Kelch proteins (and Kelch-like proteins) are a widespread group of proteins that contain multiple Kelch motifs. The kelch domain generally occurs as a set of five to seven kelch tandem repeats that form a β-propeller tertiary structure. Kelch-repeat β-propellers are generally involved in protein–protein interactions, though the large diversity of domain architectures and limited sequence identity between kelch motifs make characterisation of the kelch superfamily difficult.

Structure 
The N-terminus of several Kelch proteins contain other protein domains, including Discoidin, F-box, and Broad-complex, Tramtrack, Bric-a-Brac/Poxvirus Zinc finger (BTB/POZ) domains. Kelch proteins may also only have a β-propeller architecture. The BTB domain of kelch proteins (if present) allows the formation of homo- or heterodimers that mediate protein–protein interactions.

The C-terminus of Kelch proteins contains kelch repeats. Each kelch repeat is a sequence of 44–55 amino acids in length, usually occurring in clusters of 4 – 7 repeats.

Each kelch repeat forms a "blade" of the β-propeller fold, consisting of a four-stranded antiparallel β-sheet secondary structure, arranged radially around a central axis, packed onto its adjoining repeats via hydrophobic contacts.
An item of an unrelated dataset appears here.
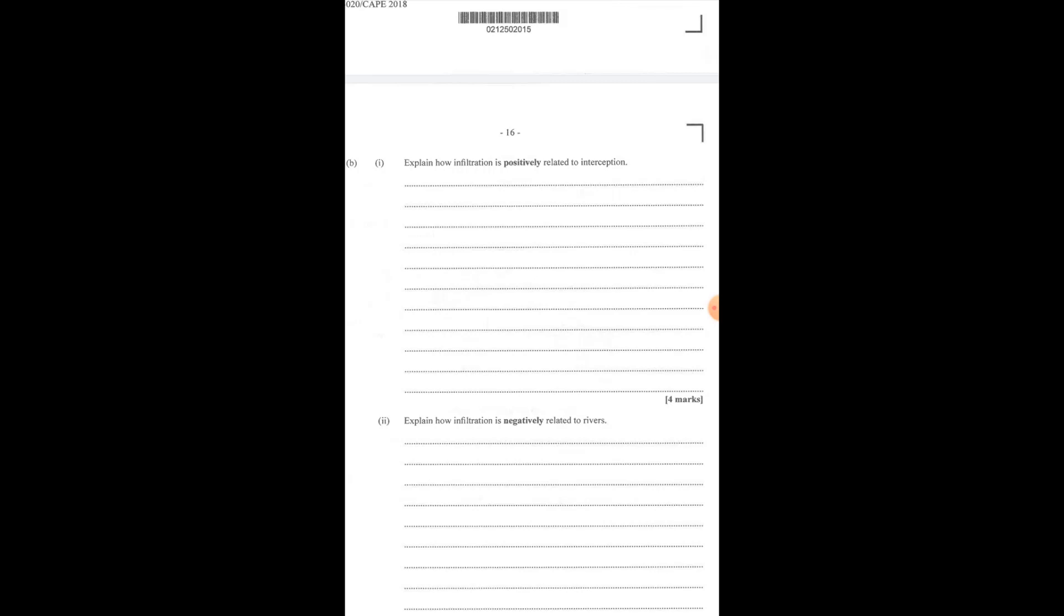Infiltration is positively related to interception because interception helps to slow down the water droplet, thus slowing down the speed of the water. This allows infiltration to take place more effectively and quicker. This also reduces soil erosion and extends the lag time, so it takes a longer time for the area to be flooded due to the lag time being extended.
Kelch-repeat β-propellers undergo a variety of binding interactions with other proteins, notably the actin filaments of a cell.

Function 
Kelch-like proteins are known to act as substrate adaptors for Cullin 3 ubiquitin ligases.

Organisms
The first Kelch protein (from which this family derives its name) was isolated from Drosophila, in which Kelch-mutant females lay sterile, cup-shaped eggs; The word Kelch is German for 'chalice, cup'. Kelch proteins have also been isolated in many other animals, plants, bacteria, fungi, and even virus (restricted to Poxviridae).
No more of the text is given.